* Task prompt *
Copy the data below exactly, but not the pictures it contains.

☆ ☆ ☆ ☆

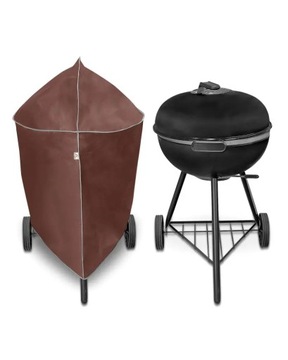 Pokrowiec ochronny na grill Round S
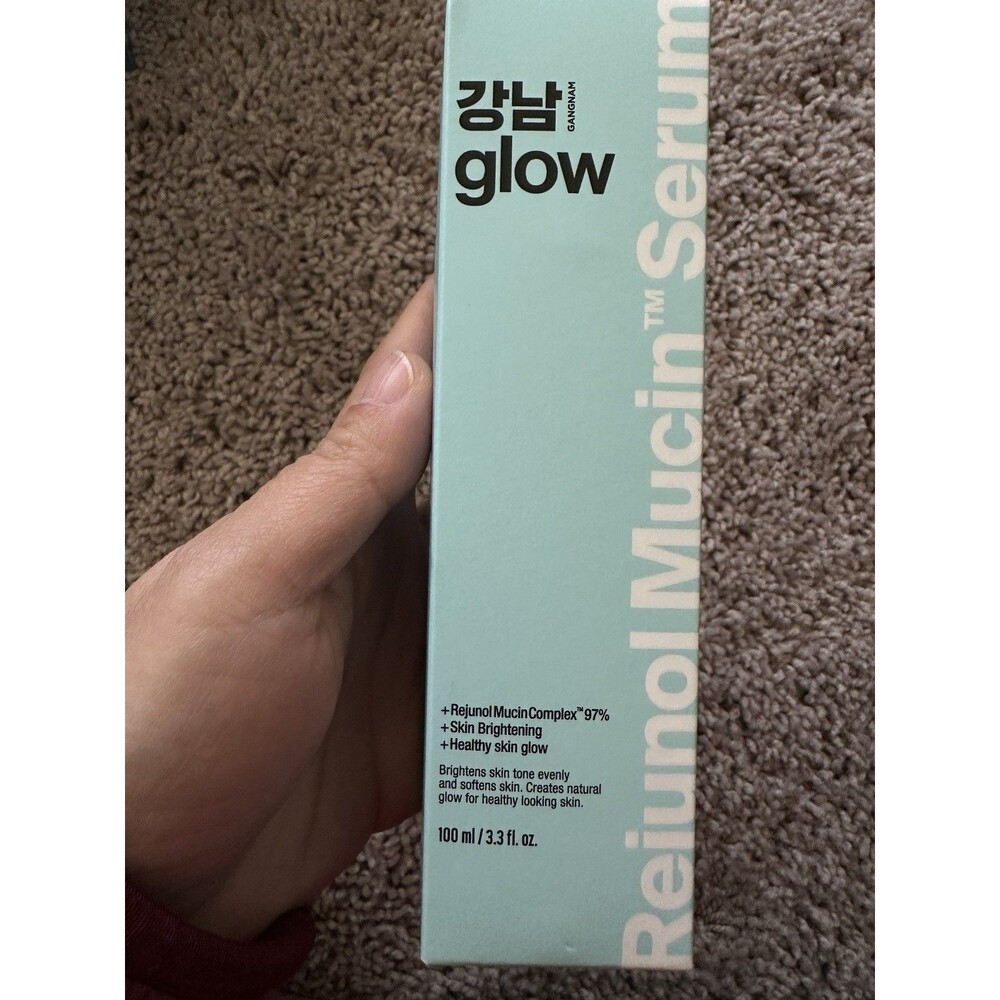 Gangnam Glow Rejunol Mucin Serum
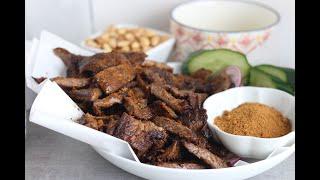 BEST CUT OF MEAT FOR NIGERIAN SUYA AT HOME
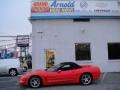 1998 Torch Red Chevrolet Corvette Convertible  photo #4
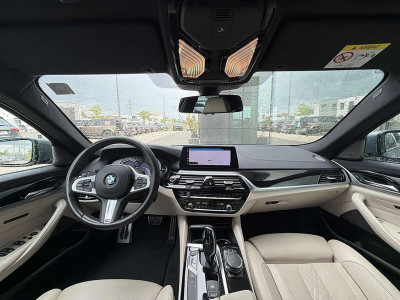 BMW 5er Gebrauchtwagen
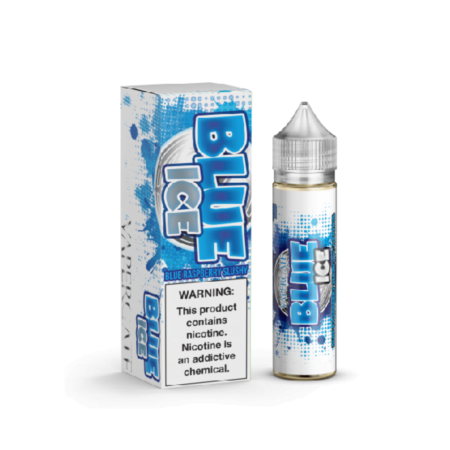 Blue Smurf Ice By Vapergate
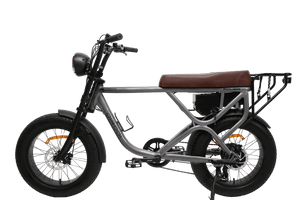 DiroDi Rover Vintage Style Modern Electric Bike 750W Gen 4 E-Bike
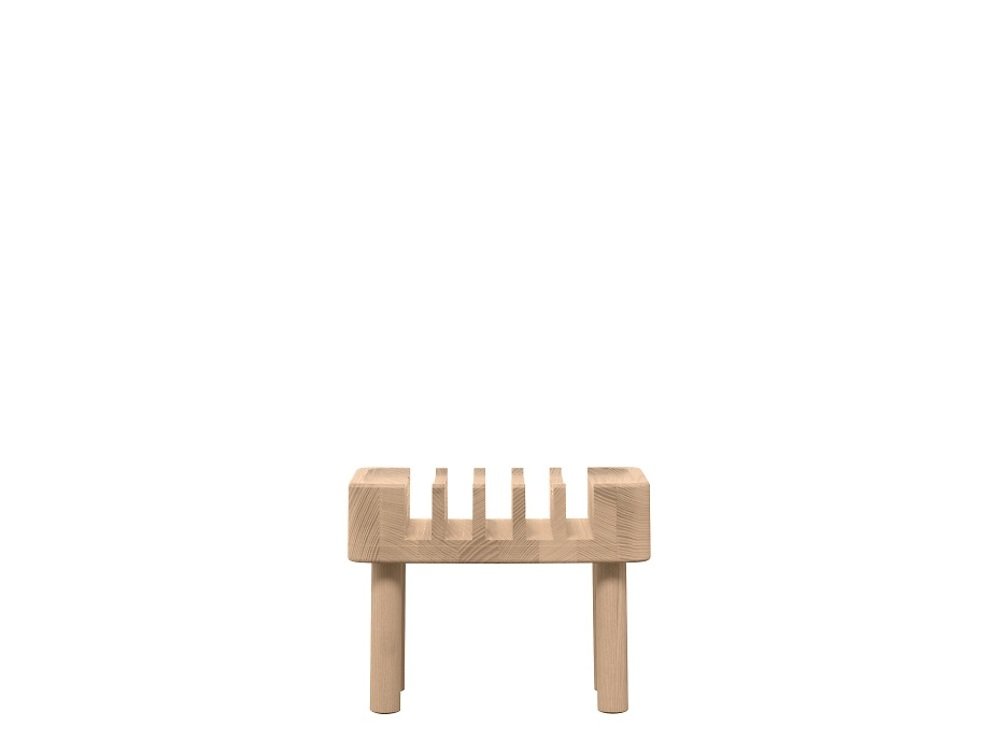 LSA Toasthalter Stilt Esche 19,5cm - Thumbnail 2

☆ ☆ ☆ ☆

* Result of the exercise *
 Pokrowiec ochronny na grill Round S
 Gangnam Glow Rejunol Mucin Serum
 BEST CUT OF MEAT FOR NIGERIAN SUYA AT HOME
 1998 Torch Red Chevrolet Corvette Convertible  photo #4
 BMW 5er Gebrauchtwagen
 Blue Smurf Ice By Vapergate
 DiroDi Rover Vintage Style Modern Electric Bike 750W Gen 4 E-Bike
 LSA Toasthalter Stilt Esche 19,5cm - Thumbnail 2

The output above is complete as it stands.